Alas, Ken clearly doesn’t have an actual bus yet. It is, of course, harder to cobble together one of those at short notice than to knock up a campaign logo on your computer. That hasn’t stopped him publishing what he describes as a “photo of” the Fair Deal Express (see above) this morning. Unfortunately, not-very-close examination reveals that Ken’s skilled web craftsmen have simply taken a pic of a regular London bus from Wikipedia and crudely Photoshopped their logo on the front and sides.  Tell-tale signs, lads, for future reference: the whited-out numberplate and the driver in the hi-viz vest!

This blog has lovingly chronicled the fraudulence of the Fare Deal promise – even if it becomes the first fares promise that Ken has ever kept, it will actually save the “average Londoner” £150 over four years, rather than the £1000 that Ken claims. But when even the battle bus is a fake you know that things are getting serious.

Brian Paddick scores at second mayoral hustings

To the London mayoral business hustings in the City tonight. The suits were always going to be a quiet, well-behaved gig after the massed ranks of walking-stick-wielding pensioners last time – and so it proved. More Punch and Judy politics, please!

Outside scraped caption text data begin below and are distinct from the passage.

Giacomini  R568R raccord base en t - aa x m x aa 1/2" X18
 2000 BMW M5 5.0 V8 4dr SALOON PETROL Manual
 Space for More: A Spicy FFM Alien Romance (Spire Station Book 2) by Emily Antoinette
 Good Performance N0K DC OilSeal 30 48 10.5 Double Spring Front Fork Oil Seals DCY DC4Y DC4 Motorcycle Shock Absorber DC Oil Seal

Unlike at the elderly hustings, Boris fairly clearly beat Ken this time. Even Livingstone only claimed it as a “score draw.”At one point, he was decrying health’n’safety rules that stopped his children jumping into their local swimming pool. There was too much overcoddling: “I would let people take the rational choice,” he said. “Like an open-platform bus!” interjected Johnson, to much laughter.

Ken sought to be less partisan than usual, at several points agreeing with Johnson. “I follow exactly that line and won’t waste your time talking about it,” he said once. “You should do that more often!” broke in Boris, winning a big laugh.

I still didn’t think Boris was sharp enough, though – as I wrote in the Spectator last week, he needs to hit Ken harder on the fantasy economics behind his plans. No doubt Boris would like to go round London, as Ken has been doing, offering free money to every voter he meets. But there is no money and there are no free lunches. Ken is risking projects vital to London’s long-term future for a short-term electoral bribe. That sort of thing.

The best speaker of the night was the Lib Dems’ Brian Paddick, who went down rather well with a simple, focused message: businesses will not come to London if they don’t think it’s safe.  Crime, he said, was going up and he, the ex-copper, was the man to tackle it. Paddick also had the two best jokes – a lovely dig at Ken’s exotic tax arrangements (Paddick, like Boris, pays full income tax on his freelance earnings – another contradiction of Ken’s claim that “everyone” in his position avoids this tax by turning themselves, like him, into a personal company.)

My favourite Paddick joke, though, was about the new Borismaster bus. “Boris likes his bus because it’s like his house – it has two staircases and three doors,” he said. That got the biggest laugh of the night.